French security forces launched an extensive manhunt on Wednesday to nab armed attackers who ambushed a vehicle carrying inmates and killed two prison officers and injured three others.
"We are tracking you, we will find you and we will punish you," Prime Minister Gabriel Attal said in parliament, to applause from lawmakers. "They will pay for what they have done."
French Interior Minister Gerald Darmanin said "unprecedented" efforts were being deployed. Hundreds of officers were mobilized in the search for the escaped convict, Mohamed Amra, and the assailants who laid in wait for the prison van transporting him, ramming a car into it before opening fire on Tuesday.
The violence of the attack shocked France.

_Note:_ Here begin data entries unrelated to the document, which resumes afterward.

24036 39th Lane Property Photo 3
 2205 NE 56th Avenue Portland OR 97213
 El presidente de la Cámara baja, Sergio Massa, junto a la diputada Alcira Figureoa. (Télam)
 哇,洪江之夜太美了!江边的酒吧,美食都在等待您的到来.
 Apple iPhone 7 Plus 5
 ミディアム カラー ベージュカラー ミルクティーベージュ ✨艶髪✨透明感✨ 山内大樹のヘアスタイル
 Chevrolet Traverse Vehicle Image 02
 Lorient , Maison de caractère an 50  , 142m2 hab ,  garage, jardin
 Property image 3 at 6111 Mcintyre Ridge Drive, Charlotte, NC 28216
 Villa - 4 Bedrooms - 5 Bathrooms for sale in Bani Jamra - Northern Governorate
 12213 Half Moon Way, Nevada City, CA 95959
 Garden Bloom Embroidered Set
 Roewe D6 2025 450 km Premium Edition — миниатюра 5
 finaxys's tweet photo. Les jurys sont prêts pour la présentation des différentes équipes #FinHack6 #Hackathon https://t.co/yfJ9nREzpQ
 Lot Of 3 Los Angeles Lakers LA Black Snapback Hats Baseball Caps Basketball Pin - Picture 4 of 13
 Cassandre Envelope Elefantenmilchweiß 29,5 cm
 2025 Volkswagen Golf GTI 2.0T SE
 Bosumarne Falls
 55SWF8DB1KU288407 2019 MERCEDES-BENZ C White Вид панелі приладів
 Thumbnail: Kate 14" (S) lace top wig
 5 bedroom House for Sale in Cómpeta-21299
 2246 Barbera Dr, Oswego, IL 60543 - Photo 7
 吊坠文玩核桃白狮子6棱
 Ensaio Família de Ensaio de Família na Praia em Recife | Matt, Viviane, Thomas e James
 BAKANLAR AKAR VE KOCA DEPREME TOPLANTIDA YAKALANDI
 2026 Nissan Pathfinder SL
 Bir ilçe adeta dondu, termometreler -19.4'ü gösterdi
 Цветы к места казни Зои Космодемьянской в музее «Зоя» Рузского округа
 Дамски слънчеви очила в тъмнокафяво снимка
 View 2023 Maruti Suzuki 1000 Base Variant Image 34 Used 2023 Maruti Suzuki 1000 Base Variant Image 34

Prison workers held moments of silence Wednesday outside prisons in Paris and elsewhere to commemorate the officers who were killed.
Darmanin, speaking Wednesday on RTL radio, expressed hope that Amra could be caught "in the coming days." Without giving full details about the extent of the manhunt, he said 450 officers had been deployed in the region of the attack in Normandy in northern France to search for the assailants and clues about their whereabouts.
"The means employed are considerable," he said. "We are progressing a lot."
The attack appeared to have been carefully prepared. The convoy was transporting Amra back to jail in the Normandy town of Évreux after a hearing with an investigator in Rouen when it was ambushed on the A154 freeway.
The prison van and another prison escort vehicle had just gone through a toll booth on the freeway when the van was rammed head-on by a car. The Paris prosecutor's office said the car had been stolen and had gone through the toll booth a few minutes ahead of the prison convoy and then waited there.
Another car followed behind the convoy, seemingly boxing it in. Assailants sprang from the cars and opened fire, spraying the prison vehicles, Paris prosecutor Laure Beccuau said.
The assailants and Amra then fled. Two burned cars were subsequently found which investigators are examining, Beccuau said.
One of the officers killed was a 52-year-old captain in the prison service, where he had worked for nearly 30 years, and a father of two, Beccuau said. The other officer killed, aged 34, was a married father-to-be, she said.
Amra, 30, has a long criminal record, with at least 13 convictions for robbery and other crimes, the first when he was just 15, she said.